Most Relevant Standards:

  • Standard 8 (Recognising Acute Deterioration): We run the MET/RRT and are the destination for deteriorating patients. This standard assesses whether systems for recognition and response are effective.
  • Standard 6 (Communicating for Safety): Clinical handover is critical in ICU. We use ISBAR for all handovers, including ICU to ward.
  • Standard 3 (Infection Prevention): Our CLABSI, VAP, and CAUTI rates are monitored as part of this standard.
  • Standard 4 (Medication Safety): High-risk medications like sedatives, vasoactives, and anticoagulants require robust systems.

ACHS Assessment:

  • ACHS is the accrediting body for NSQHS
  • They conduct hospital-wide assessments, now with short notice (48 hours)
  • ICU is assessed within the hospital context
  • They review clinical indicator data and interview staff and families

Examiner: How do you ensure your unit is always "survey-ready"?

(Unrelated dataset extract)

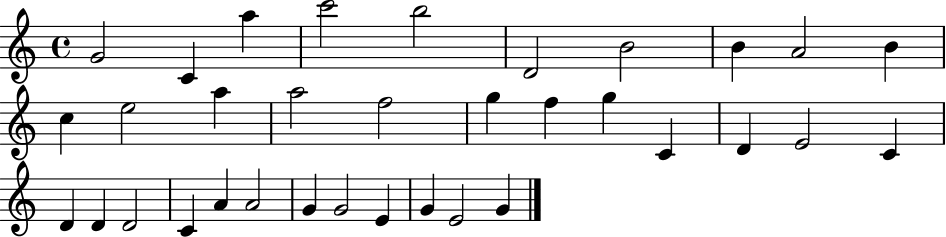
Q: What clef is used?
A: treble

Candidate: Survey-readiness is about embedding quality into daily practice:

Systems:

  • Daily huddles addressing safety issues
  • Real-time dashboards for key metrics
  • Incident reporting with timely investigation
  • Up-to-date policies accessible to all staff

Documentation:

  • Contemporaneous, complete documentation
  • M&M meeting minutes and action tracking
  • Committee meeting records
  • Training records and competencies

Culture:

  • Staff understand their role in quality and safety
  • Non-punitive reporting culture
  • Regular education on standards
  • Leadership walkrounds

Mock Surveys:

  • Periodic internal audits against NSQHS standards
  • Self-assessment tools
  • Staff interviews and tracer methodology practice

This approach means we are continuously meeting standards, not preparing for a single survey event.